To increase operations efficiency, the management continued to invest heavily in systems and processes, both hardware and software. We extended our automated conveyor belt system to cater for increased volume. The conveyor system can now sort up to 120,000 parcels daily compared to 90,000 parcels previously.
Our development capabilities has been further enhanced with the acquisition of 30.0% stake in Web Bytes Sdn Bhd, a business software solutions company. We aim to co-develop more innovative solutions to enhance customer experience.
The management also introduced new delivery solutions such as Mobile Applications and cloud-based Call Center. We also fine-tuned our customised logistics solutions and warehousing services by offering faster and more secured delivery solutions.
The increased demand for express delivery services also necessitates the continued investments in delivery trucks and infrastructure. We increased the number of delivery trucks to 831 units from 654 units previously, with a carrying capacity of 2,289.6 tonnes compared to 1,682.5 tonnes.
To ensure the smooth flow of incoming and outgoing trucks with their delivery loads into the hub, the management converted an adjoining piece of property into an outbound waiting area, so as to reduce the congestion of inbound vehicles during peak operations.
The review of financial performance is contained in our Management Discussion and Analysis on page 16.
The introduction of the Digital Free Trade Zone (DFTZ) by the government in April this year augurs well for the express delivery service industry. The management is studying ways and means to participate meaningfully in the expected increase in express delivery services with the government's adoption of the E-commerce platform.

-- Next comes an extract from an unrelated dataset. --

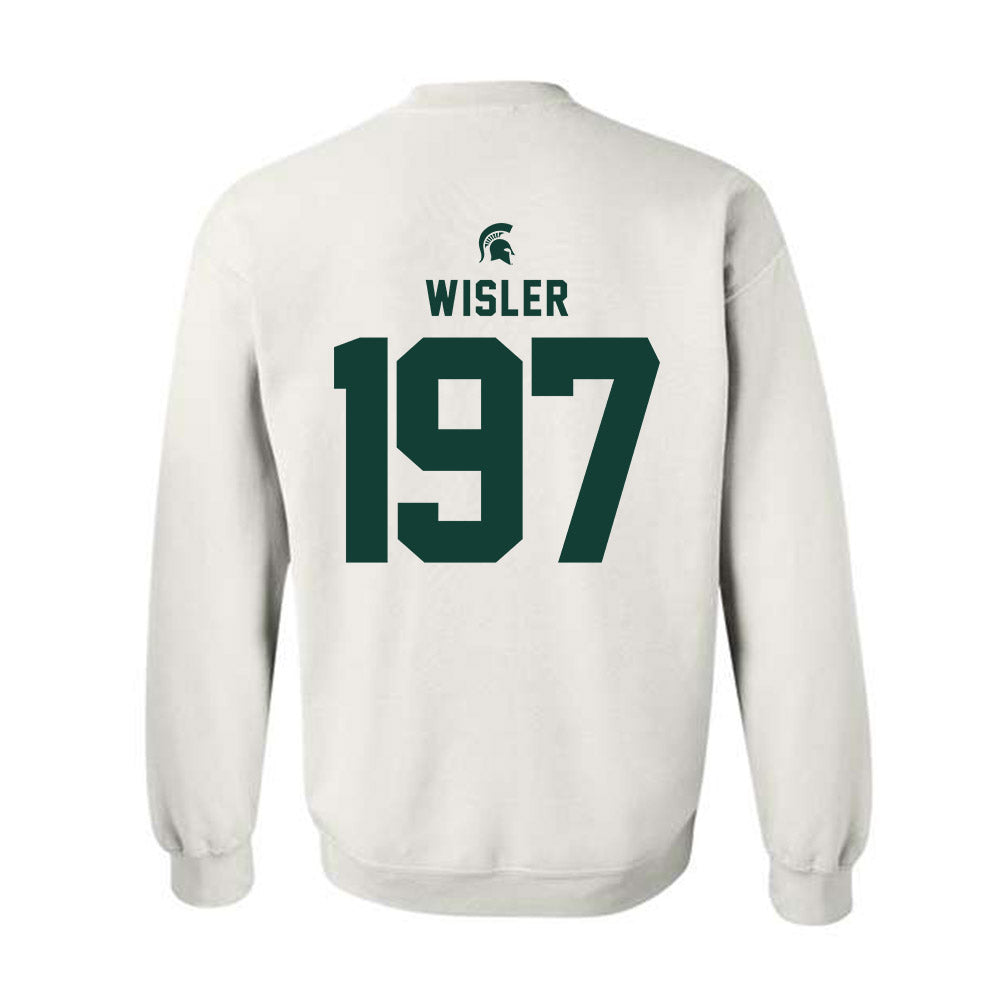 Michigan State - NCAA Wrestling : Kael Wisler - Classic Shersey Crewneck Sweatshirt-1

Our collaboration with international co-loaders remain strong as management is able to meet their exacting requirements in last mile express delivery services. We maintain a close rapport and cooperation with our strategic partners, Yamato and Singapore Post. We also continue to maintain good relations with Pos Indonesia as our collaborative partner in Indonesia.
The subscription of RM10.4 million in 5-year convertible bonds in PT Satria Antaran Prima (PTSAP), a fast growing express carrier in Indonesia with 56 branches and more than 1,500 employees, is our first major investment overseas. The bonds upon conversion will give GDEX a 40.0% stake in the company, as well as a stronger foothold in the Indonesian express delivery service market.
We continue to have a very pro-active investor relations programme where we meet regularly with investment analysts and fund managers. In such meetings, we share the latest market and corporate developments, as well as enunciate the rationale for our various activities to bring about better understanding of GDEX operations.
In striving to be a responsible corporate citizen, the management works hard to ensure future generations will continue to enjoy what we have currently, in terms of natural resources, training and education.
The management continues to focus and emphasise on our four pillars of corporate sustainability, ie, The Economy, The People, The Community and The Environment.
Details of our efforts are contained in our Corporate Sustainability Report on page 36.
The GDEX Foundation, set up in 2013 with the objective of promoting the welfare of the community, has yet to identify any meaningful corporate social responsibility activity. Pending that, it will continue to build on its resources.
No corporation can survive without the support of its customers. We are extremely grateful for our customers' continued support. I would also like to thank our vendors, business service partners and the relevant government agencies for their support.
Last but not least, I would like to express my sincere appreciation and thanks to the board of directors for their guidance and support.
I look forward to further progress and improvement in GDEX as we strive to fulfil our goal of becoming the leading express carrier in the region.